Instructions for the task
Please set down, with no changes, every line of the material below from the one containing "Snapshot of pamelajhonsom" through the end. Skip the pictures.

Input for this task
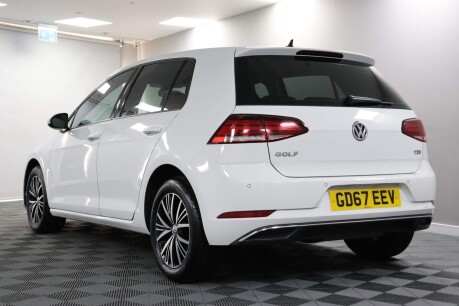 Volkswagen Golf SE NAVIGATION TDI BLUEMOTION TECHNOLOGY DSG 22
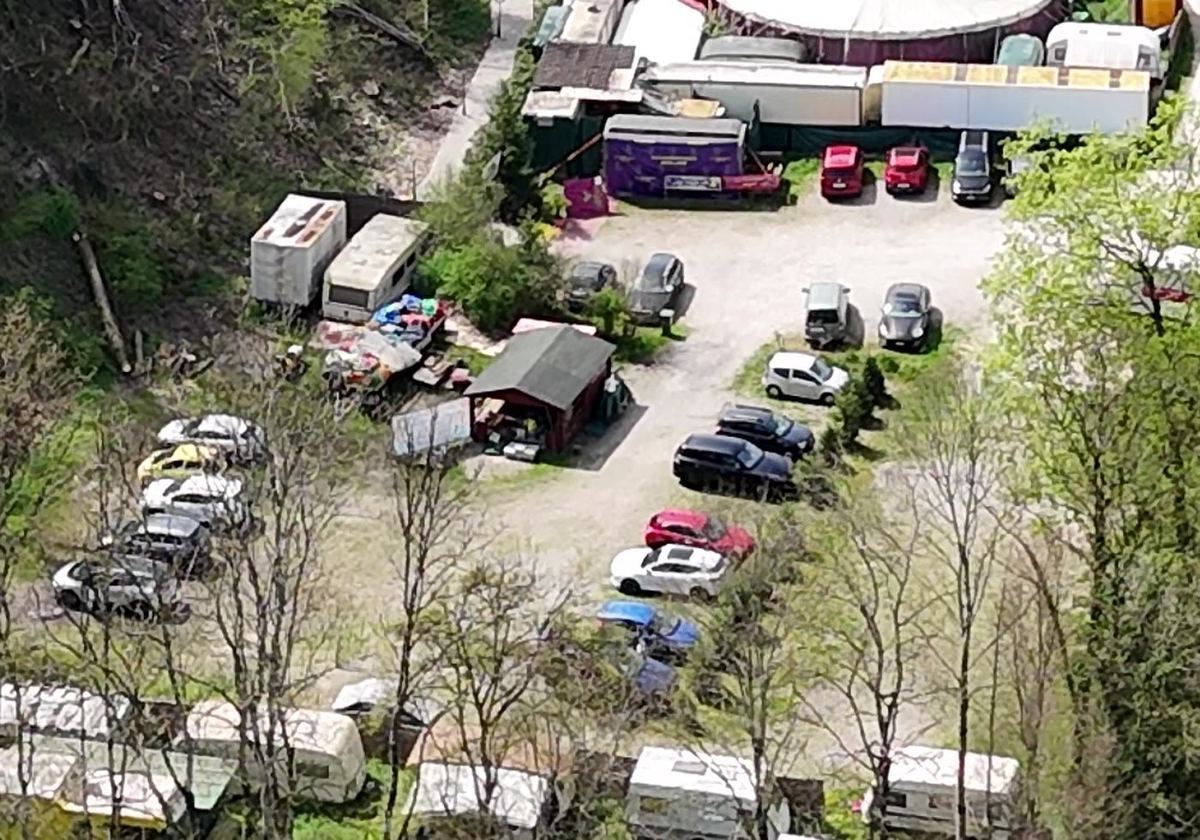 Aussenparkplatz – Bild 1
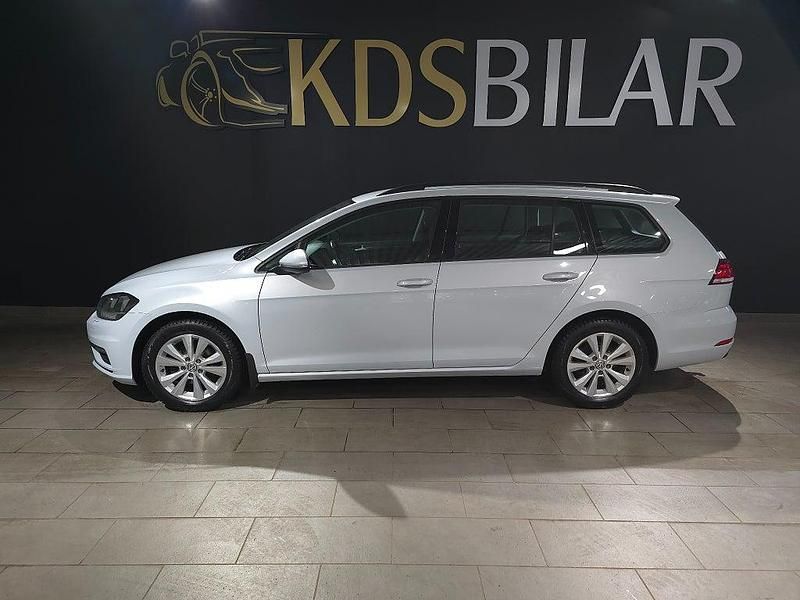 Silver Begagnad 2017 VW Golf VII Comfortline Kombi | 109 500 kr (Marknadspris) - Bild 1/4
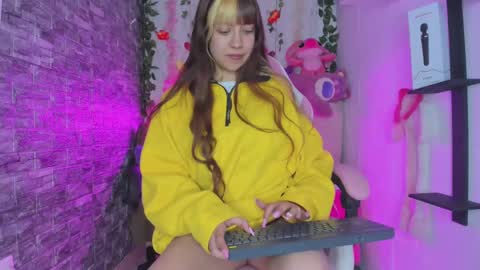 Snapshot of pamelajhonsom chatting on 22, 12, 2024 pamelajhonsom online show from 22, 12, 2024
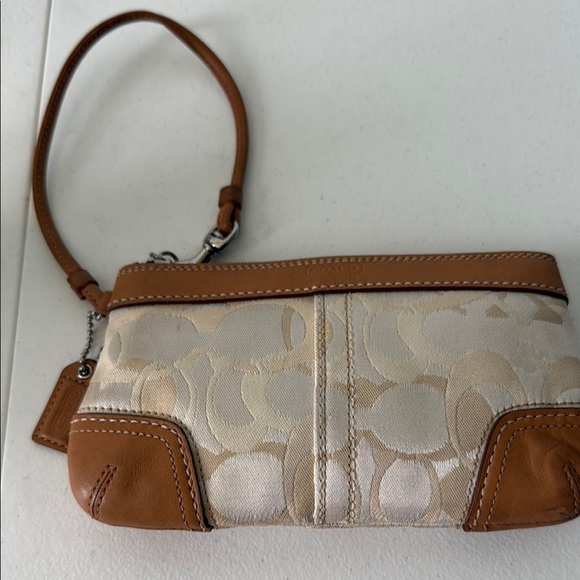 *Coach Tan and Cream Wristlet with Hangtag - Picture 1 of 4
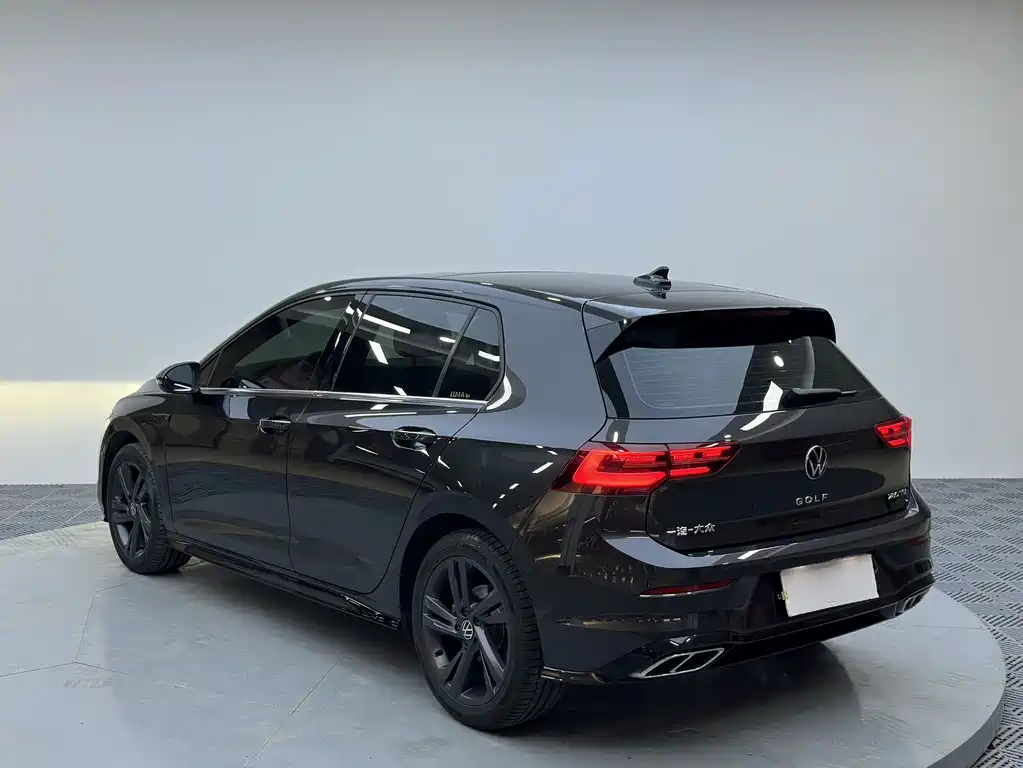Volkswagen Golf — миниатюра 4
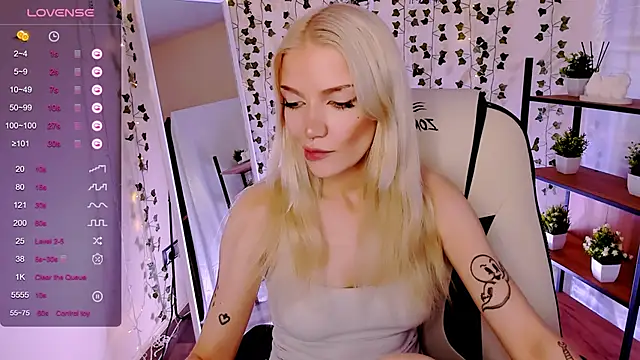 AnyaTaylor_ webcam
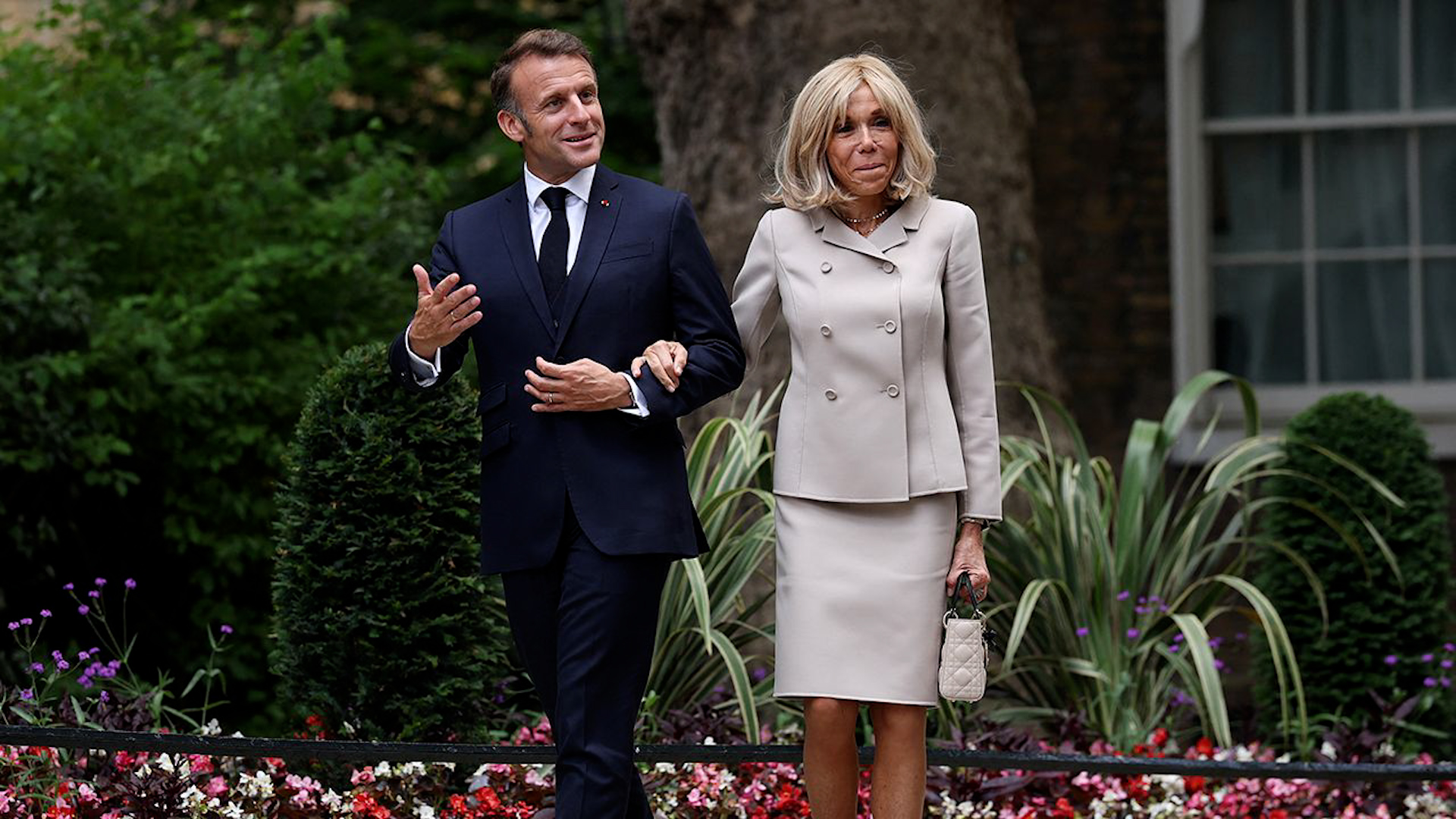 Ông Macron sẽ trình bằng chứn…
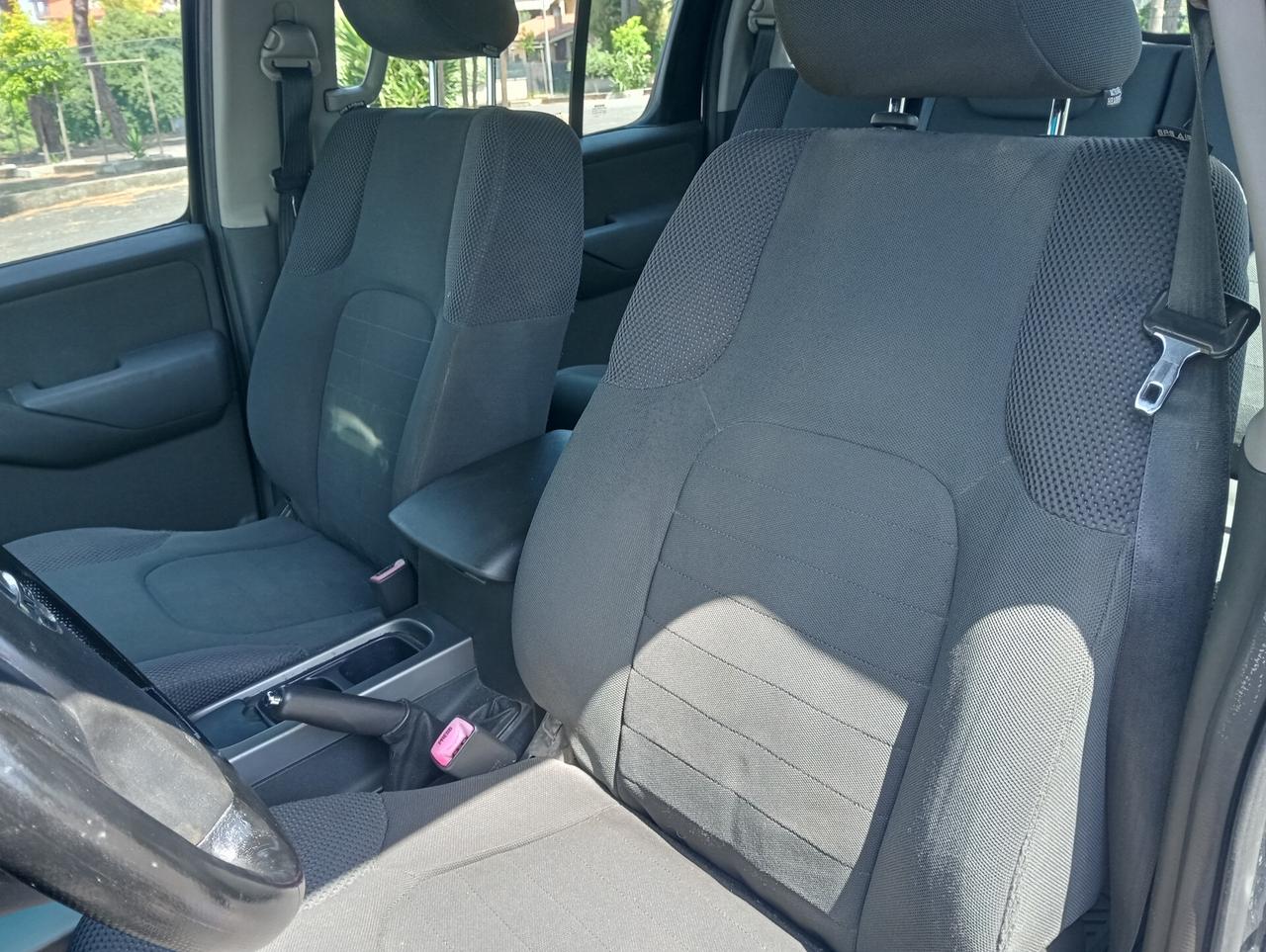 Nissan Pathfinder 2.5 dCi SE
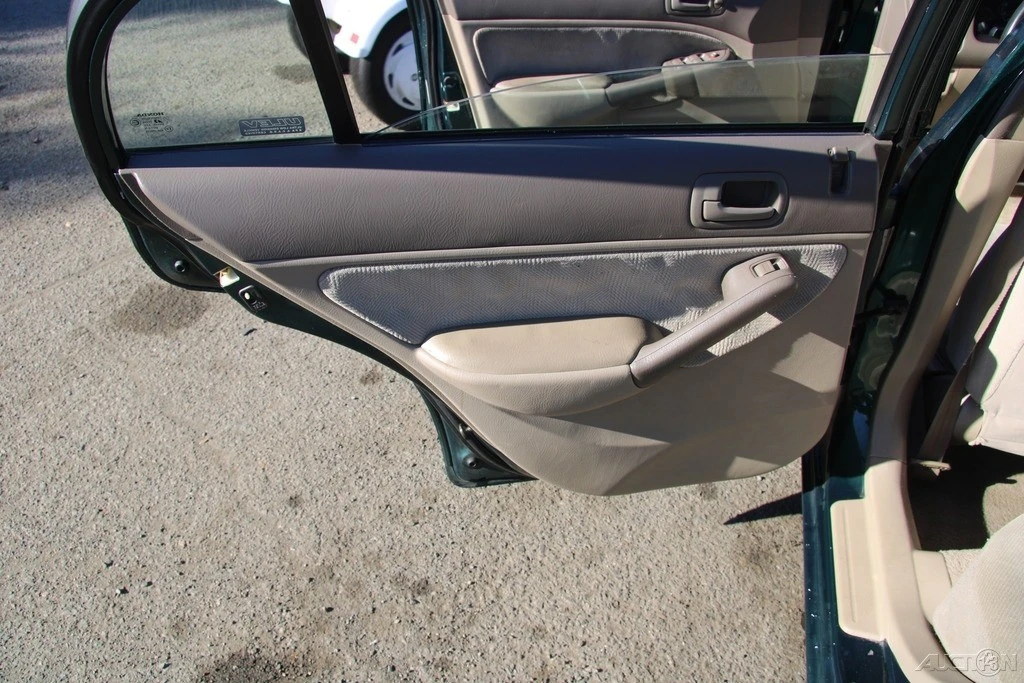 2001 Honda Civic 7th Gen - Image 18 of 21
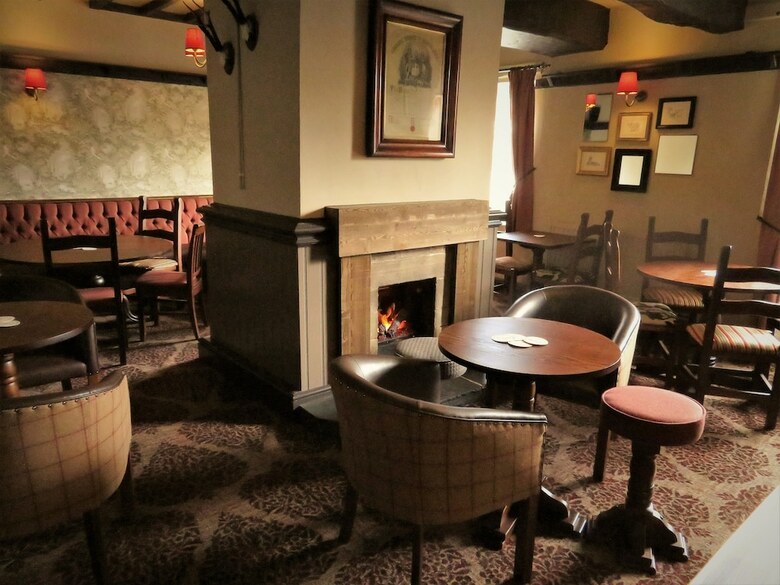 Posada The Roebuck Inn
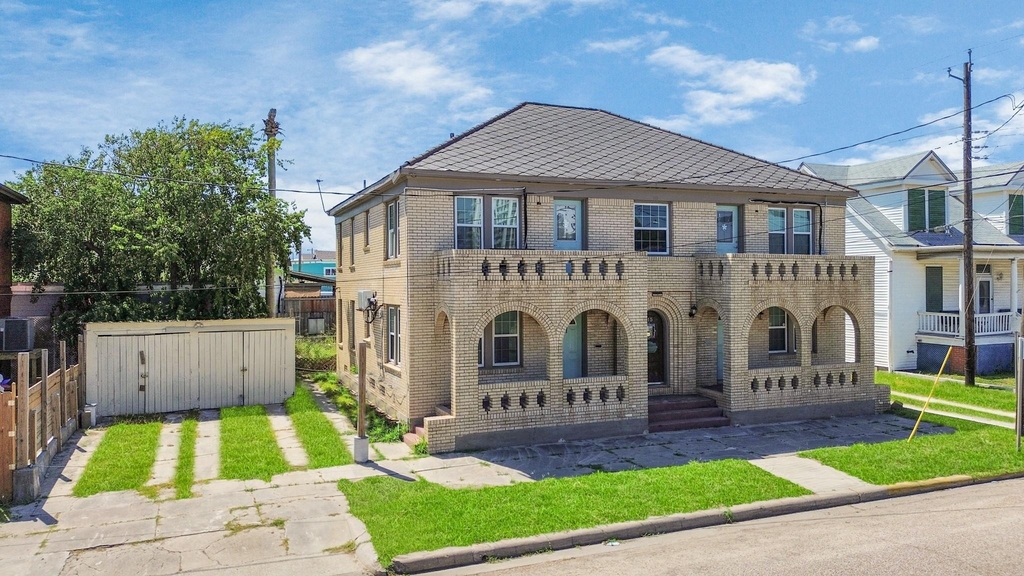 915 8th Street - Photo 3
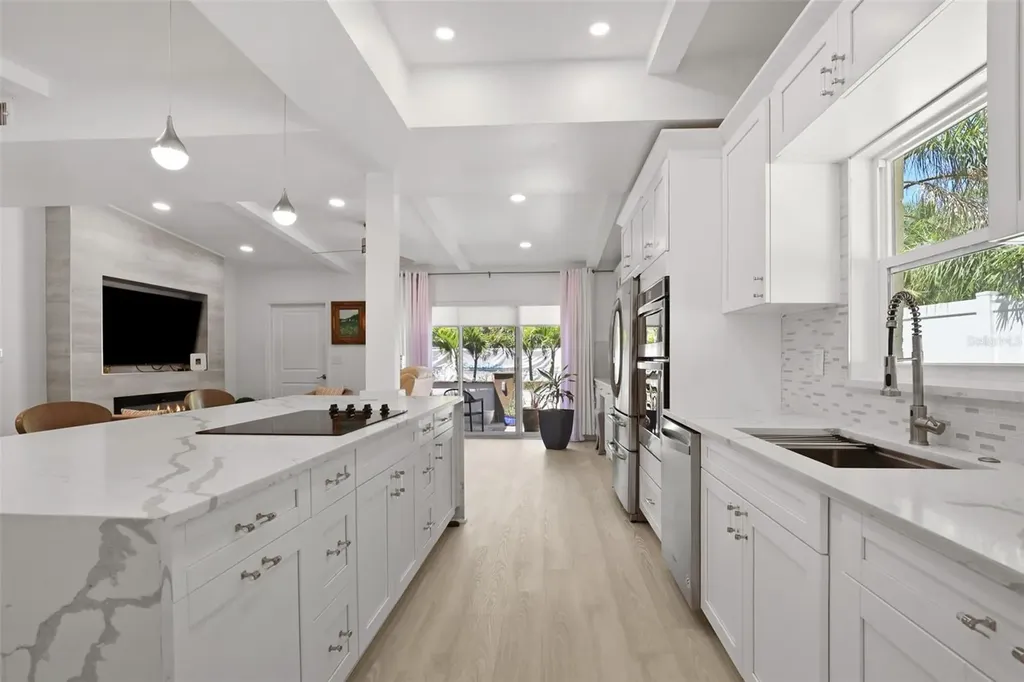 25 Sandpiper Road Tampa FL 33609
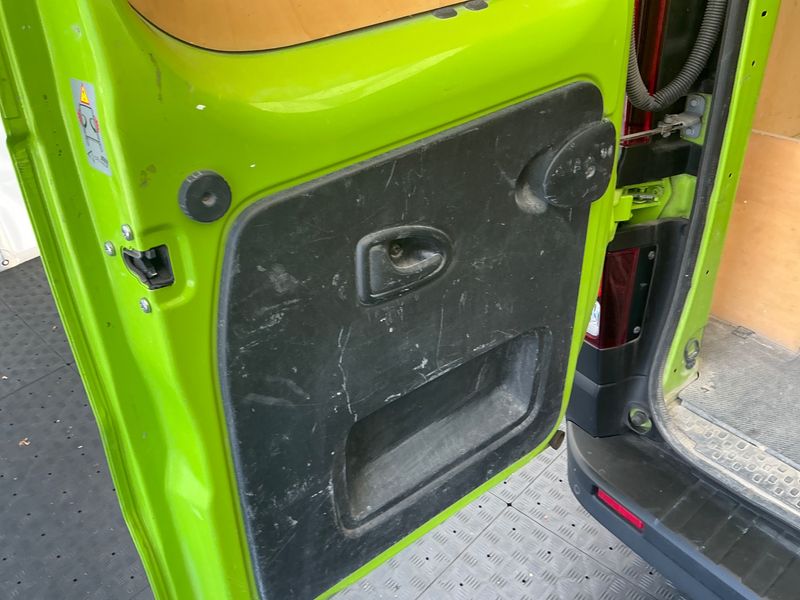 Renault Trafic 1.6 dCi Energy L2H1 2,9t Komfort 2018 – снимка 27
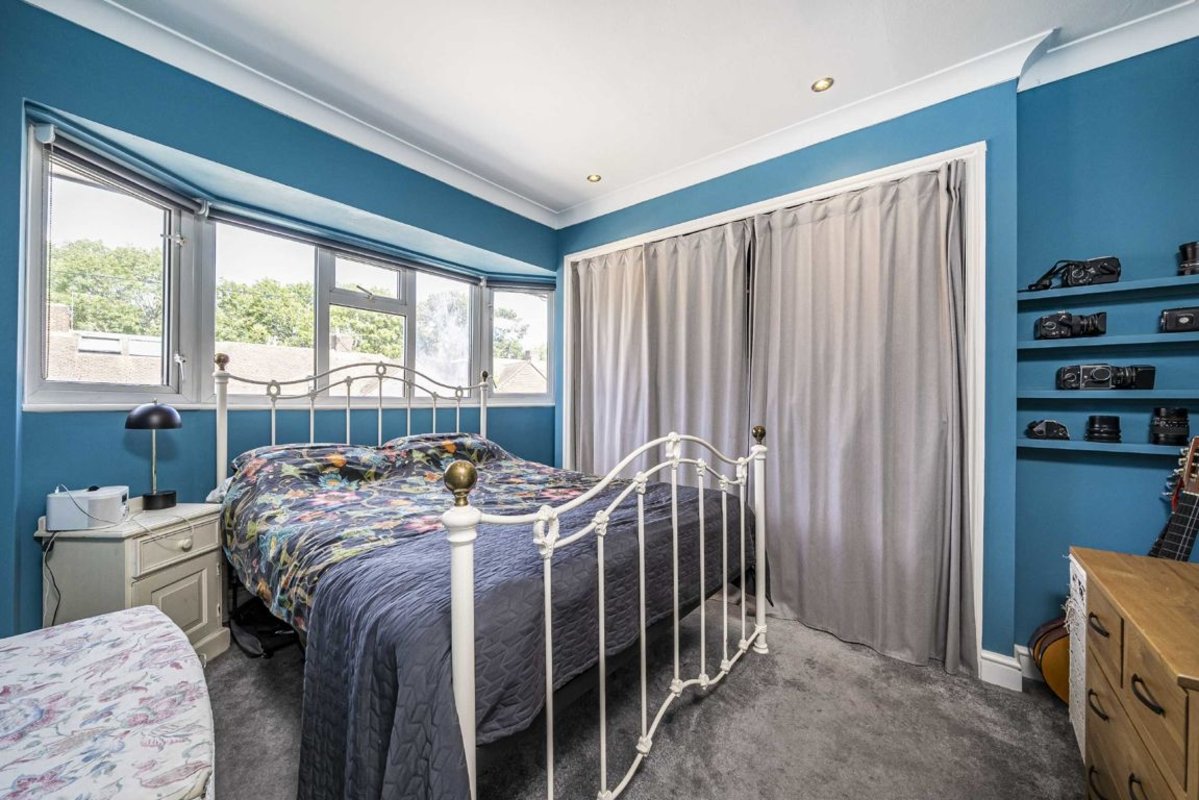 House terraced for sale in Fulwell Park Avenue, Twickenham, TW2 (Ref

Answer for the task
 Snapshot of pamelajhonsom chatting on 22, 12, 2024 pamelajhonsom online show from 22, 12, 2024
 *Coach Tan and Cream Wristlet with Hangtag - Picture 1 of 4
Volkswagen Golf — миниатюра 4
 AnyaTaylor_ webcam
 Ông Macron sẽ trình bằng chứn…
 Nissan Pathfinder 2.5 dCi SE
 2001 Honda Civic 7th Gen - Image 18 of 21
 Posada The Roebuck Inn
 915 8th Street - Photo 3
 25 Sandpiper Road Tampa FL 33609
 Renault Trafic 1.6 dCi Energy L2H1 2,9t Komfort 2018 – снимка 27
 House terraced for sale in Fulwell Park Avenue, Twickenham, TW2 (Ref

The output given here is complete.